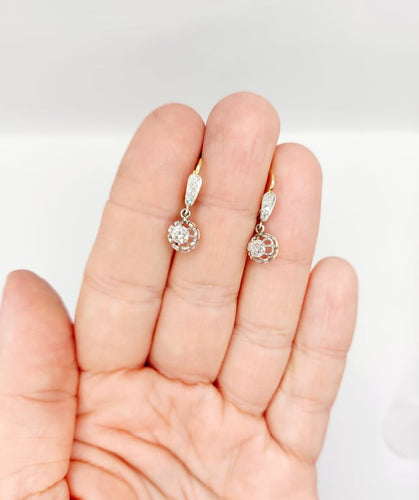 d0995591-147d-4a0f-c255-317e8b4aa800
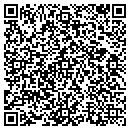 QR code with Arbor Solutions LLC contacts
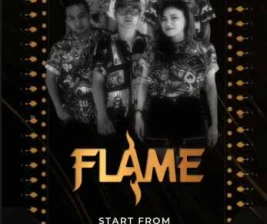 BLACK CHAMP TEBET JAKARTA  SATURDAY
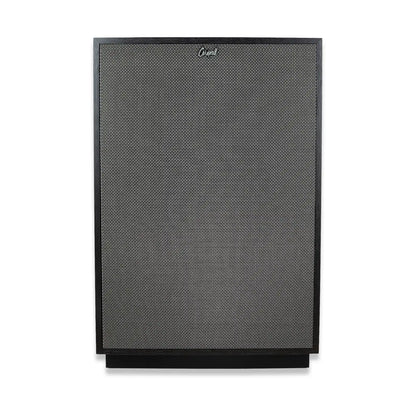 Klipsch Heritage Cornwall IV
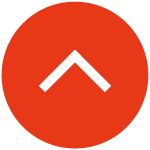 ページTOPへ戻る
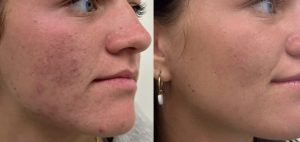 WhatsApp Image 2025-02-25 at 15.04.47_8c23c5d0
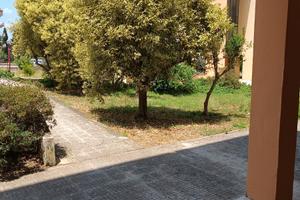 Appartamento ammobiliato a Itri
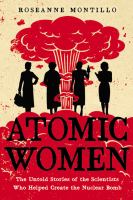 Atomic-Women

════

◆ **TASK ITEM**
Restate all the material verbatim; omit every picture.

◆ **REPLY TO THE EXERCISE**
 d0995591-147d-4a0f-c255-317e8b4aa800
 QR code with Arbor Solutions LLC contacts
 BLACK CHAMP TEBET JAKARTA  SATURDAY
 Klipsch Heritage Cornwall IV
 ページTOPへ戻る
 WhatsApp Image 2025-02-25 at 15.04.47_8c23c5d0
 Appartamento ammobiliato a Itri
 Atomic-Women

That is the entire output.